Although Da 5 Bloods would have premiered at Cannes, as festival director Thierry Frémaux told Screen Daily, “out of competition, of course,” the fact the film would have been a part of this year’s festival line-up at all shows how Netflix’s standing in France has changed. Da 5 Bloods director, Lee, was meant to be the first black president of the competition jury this year, which may have been part of why the film would have debuted there. But beyond that, it could also have signaled a step forward for relations between Netflix and Cannes, in spite of neither entity budging on its stance around the theatrical window-release.

Ironically,  the pandemic could end up providing a solution, by shutting down French movie theaters. In March, as an exceptional measure, French regulators allowed the direct-to-consumer release of a limited number of movies on streaming platforms for the duration of the lockdown. The National Film Board’s Dominique Boutonnat, in a statement, emphasized this would be a temporary measure that should “in no way call into question the fundamental policy of media release.”

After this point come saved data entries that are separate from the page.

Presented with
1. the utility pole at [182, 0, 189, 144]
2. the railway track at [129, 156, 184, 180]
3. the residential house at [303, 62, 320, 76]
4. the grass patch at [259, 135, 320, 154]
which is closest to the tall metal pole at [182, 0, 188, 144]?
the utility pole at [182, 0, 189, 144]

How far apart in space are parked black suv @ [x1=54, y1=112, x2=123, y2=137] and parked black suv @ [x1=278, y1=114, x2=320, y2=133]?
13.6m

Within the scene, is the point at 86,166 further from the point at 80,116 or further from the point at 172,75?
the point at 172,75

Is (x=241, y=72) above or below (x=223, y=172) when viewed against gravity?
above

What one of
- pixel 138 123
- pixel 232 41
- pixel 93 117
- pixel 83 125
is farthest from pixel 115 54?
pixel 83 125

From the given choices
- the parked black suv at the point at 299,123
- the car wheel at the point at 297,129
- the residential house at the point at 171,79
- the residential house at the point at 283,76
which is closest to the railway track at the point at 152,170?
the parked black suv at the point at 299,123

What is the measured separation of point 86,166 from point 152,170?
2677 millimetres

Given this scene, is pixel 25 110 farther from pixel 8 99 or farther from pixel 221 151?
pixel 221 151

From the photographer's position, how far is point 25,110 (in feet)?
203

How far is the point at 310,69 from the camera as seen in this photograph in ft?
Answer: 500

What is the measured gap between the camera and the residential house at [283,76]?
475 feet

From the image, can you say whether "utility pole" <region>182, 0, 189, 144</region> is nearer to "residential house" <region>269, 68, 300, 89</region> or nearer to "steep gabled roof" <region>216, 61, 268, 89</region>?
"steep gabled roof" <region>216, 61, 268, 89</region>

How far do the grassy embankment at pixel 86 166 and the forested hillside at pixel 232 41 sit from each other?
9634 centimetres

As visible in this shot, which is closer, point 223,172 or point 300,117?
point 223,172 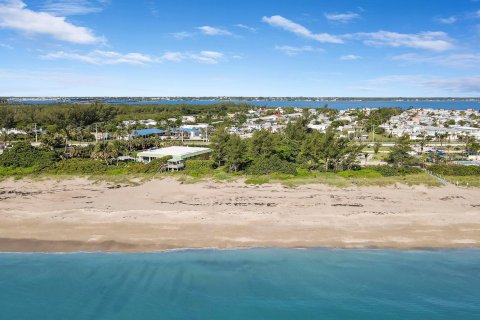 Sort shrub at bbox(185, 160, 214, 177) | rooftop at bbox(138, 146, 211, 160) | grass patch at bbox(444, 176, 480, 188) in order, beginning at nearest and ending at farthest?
1. grass patch at bbox(444, 176, 480, 188)
2. shrub at bbox(185, 160, 214, 177)
3. rooftop at bbox(138, 146, 211, 160)

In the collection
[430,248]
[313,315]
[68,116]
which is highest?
[68,116]

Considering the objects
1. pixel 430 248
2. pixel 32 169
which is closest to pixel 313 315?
pixel 430 248

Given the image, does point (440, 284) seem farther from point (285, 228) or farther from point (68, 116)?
point (68, 116)

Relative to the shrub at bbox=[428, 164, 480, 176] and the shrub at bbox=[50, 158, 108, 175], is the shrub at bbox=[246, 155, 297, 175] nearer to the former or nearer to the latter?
the shrub at bbox=[428, 164, 480, 176]

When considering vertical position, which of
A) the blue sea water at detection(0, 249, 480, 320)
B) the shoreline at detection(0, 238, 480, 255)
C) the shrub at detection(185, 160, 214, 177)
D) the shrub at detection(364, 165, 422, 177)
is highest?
the shrub at detection(364, 165, 422, 177)

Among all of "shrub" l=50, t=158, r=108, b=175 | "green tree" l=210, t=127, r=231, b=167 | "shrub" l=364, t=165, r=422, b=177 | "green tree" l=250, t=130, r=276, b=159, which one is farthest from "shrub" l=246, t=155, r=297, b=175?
"shrub" l=50, t=158, r=108, b=175

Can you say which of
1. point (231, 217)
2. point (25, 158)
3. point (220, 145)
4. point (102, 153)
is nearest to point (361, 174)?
point (220, 145) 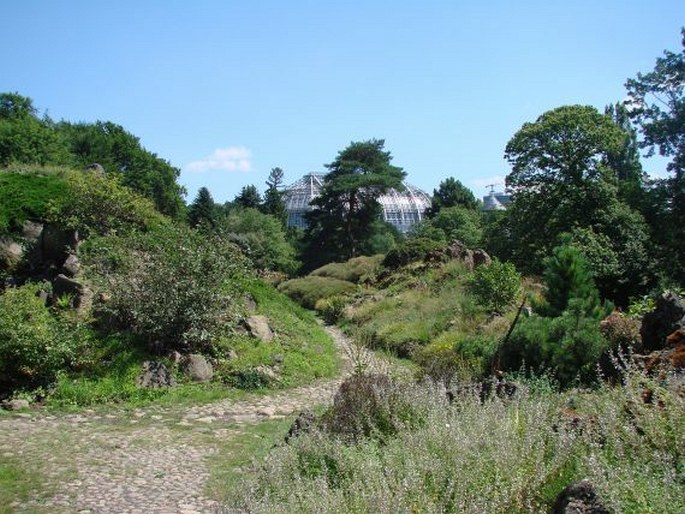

However analysts like Cunat and others believe the decision might prompt the rules to evolve. “This might pave the way to a reshuffle of windows in the future,” says Cunat. “If more studios release titles at premium prices on digital platforms, but not in cinemas, that would potentially allow Netflix to get access to titles sooner than under the current circumstances.”

With local TV groups now co-producing shows with Netflix and local sales agents signing deals with the streaming service, such as French production company Mk2’s pact last month to allow it to show 50 classic films from its library, Netflix is starting to be seen as a more amiable partner.

This can only boost its standing in Europe, says Cunat. France is “a key driver and shaper of wider EU policy, especially now, with the departure of the UK. If Netflix is able to ensure that it is favorably perceived by French politicians, it is more likely to have a bearing on EU-wide policy.”

That could impact the extent to which the streaming service has to follow long-entrenched regulations going forward, and perhaps cement its standing in the bloc before other streaming services gain ground.